Valérie, 40 ans, ressent de réels bienfaits de la luminothérapie sur son tempérament. Depuis quatre ans, elle branche sa lampe dès le mois de septembre, avant même que son moral ne baisse et que ses envies de sucre ne se manifestent. « Tous les matins, au petit-déjeuner, je m’installe devant ma lampe pendant une bonne demi-heure. Au bout d’une semaine, je sens déjà la différence sur mon moral, je retrouve mon entrain. Je ne saute jamais une journée. Je suis quelqu’un qui fait du sport l’hiver, du ski de fond, de la course, mais le manque de lumière m’affecte beaucoup et la luminothérapie me fait le plus grand bien jusqu’en avril. »

« La grande majorité des gens suivent leur traitement d’octobre ou novembre à avril, au changement d’heure. Après, naturellement, la lumière du printemps suffira », assure Marie-Pier Lavoie.

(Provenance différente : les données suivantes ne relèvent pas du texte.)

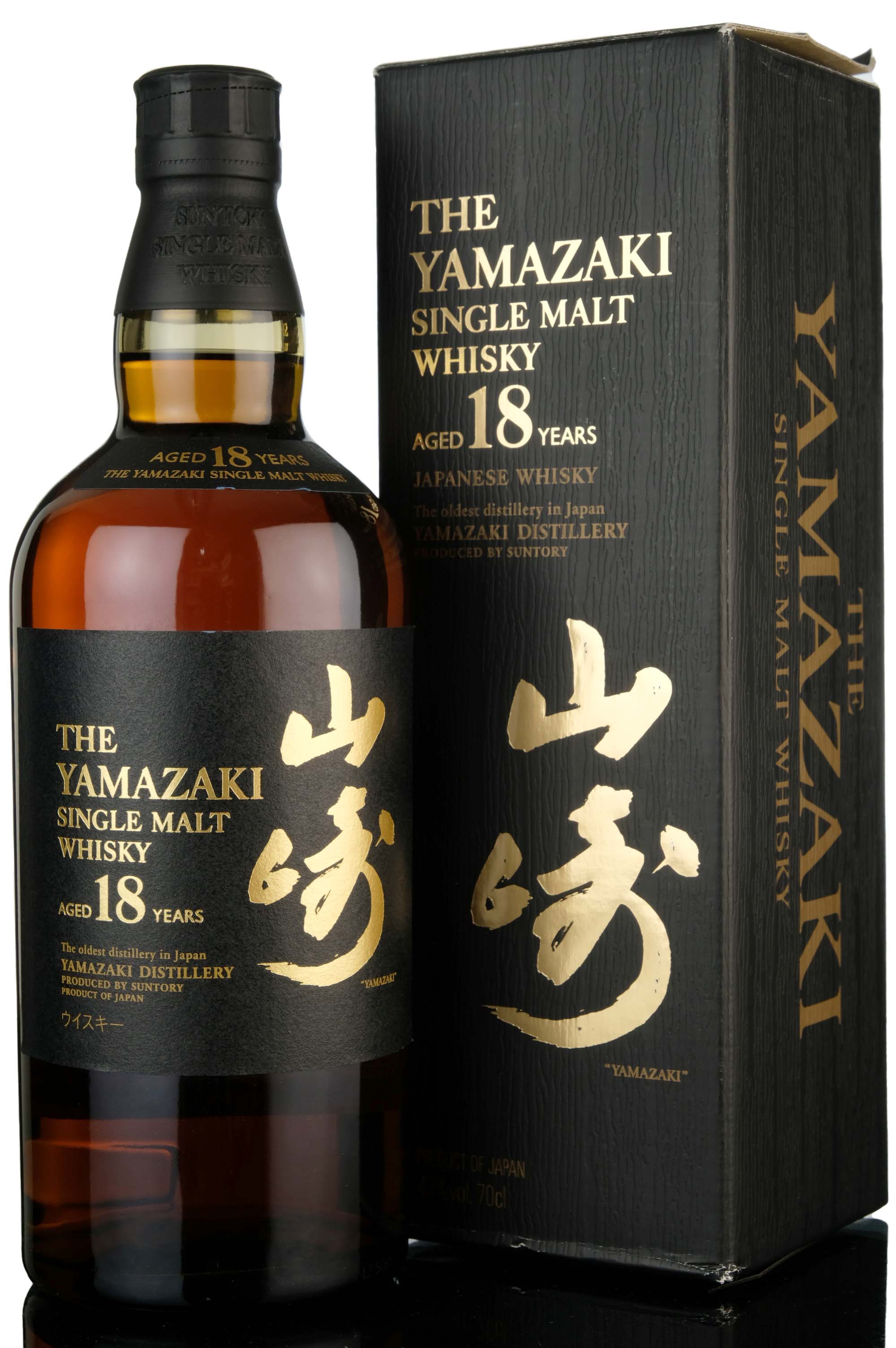 Yamazaki 18 Year Old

À défaut de luminothérapie, elle conseille de marcher dehors tous les jours, au moins une demi-heure, voire une heure, quand il fait beau. « La neige reflète la lumière qui est très intense et ça peut remplacer la luminothérapie. Bien s’habiller, pratiquer un sport et miser sur les plaisirs de l’hiver avec les enfants peut aider à surmonter cette déprime. »

L’inventeur

Né en 1950, le psychiatre sud-africain Norman E. Rosenthal a déménagé aux États-Unis, au Maryland puis à New York, et, se sentant fatigué l’hiver, a découvert le premier qu’il souffrait du trouble affectif saisonnier. Il est l’inventeur de la luminothérapie.

Pour les travaileurs de nuit

La luminothérapie est souvent utilisée par les travailleurs de nuit, comme les infirmiers ou les policiers. « On installe les lampes dans le poste infirmier pour les garder éveillés. Après le travail de nuit, on recommande aux travailleurs de rentrer directement chez eux et de ne pas s’exposer au soleil pour ne pas perturber l’horloge interne. Sinon, ils auront de la difficulté à dormir le jour… », explique le Dr Hani Iskandar. De 20 à 25 % Pourcentage de la population qui souffre de dépression saisonnière dans les pays scandinaves, contre 16 à 18 % au Québec.